Or an flashlight app on your phone, which works great too...


----------



## Kahlan (Sep 16, 2014)

Thanks all. Now I just have to figure out how to carry an edc without a purse or pockets. :?


----------



## bigwheel (Sep 22, 2014)

Be careful on the free downloadable flashlight apps. Been quite a bit of controversy on the net and on Fox as to whether some of them are spy ware. Seems to be some mixed opinions about that. The one on our phones dont show up as app but seems to be built in as part of the phone. Hope thats right anyway.

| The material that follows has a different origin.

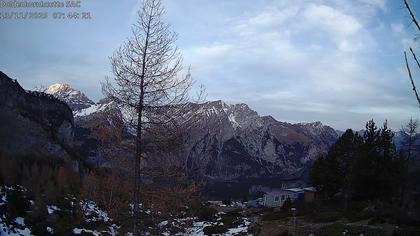 Kandersteg › Ost: Doldenhornhütte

Free apps like Flashlight can spy and steal personal data: Protect your smartphone with these tips : PERSONAL TECH : Tech Times


----------



## jasonc (Oct 29, 2014)

dannydefense said:


> IWB = Inside Waistband Holster, thus concealed. I CC a 1911 as well, but I used to OC/Open Carry quite a bit as well. I never had any bad run ins, and trust me, we have some idiots down here too. Sorry, I meant Liberals. I'm not sure if I ever solicited much more than a brief stare, because I never OC'd for show, simply for comfort - in other words, I wasn't concerned with whether or not people were concerned with my sidearm. I'm allowed to carry it by law and by right, so to me it's no different than having a mobile phone attached to your belt.

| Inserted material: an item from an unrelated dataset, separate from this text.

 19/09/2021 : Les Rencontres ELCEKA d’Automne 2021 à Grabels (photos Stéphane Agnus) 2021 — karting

Gotcha. Do you have to have a permit for open carry where you live? From what I understand, in Colorado you only have to have a permit for concealed carry? I really don't understand that though. If someone could correct me if that's wrong that would be great.


----------



## HuntingHawk (Dec 16, 2012)

Kahlan, a small pen light with a pen type clip.


----------



## SDF880 (Mar 28, 2013)

Kahlan said:


> Thanks all. Now I just have to figure out how to carry an edc without a purse or pockets. :?


Check out "Elite Avenger Pack" I have several of them and it is a great way to carry. I usually have a full size and a CCW pistol in the main section
and 3 or 4 extra mags in the side pocket along with a SOG Flash 2 knife and a Surefire light.

Avenger comes with an adjustable shoulder strap and looks like any other shoulder bag only better! I like using it in the car as I drape the carry handle over the passenger seat
this keeps the bag in place and it won't go flying in the event of a wreck. I keep the main section of the bag the top of it unzipped in the seat for quick access to either pistol, works well for me!


----------



## James m (Mar 11, 2014)

jasonc said:


> I've been wanting a Luminox watch for quite a while but haven't pulled the trigger yet... Worth it?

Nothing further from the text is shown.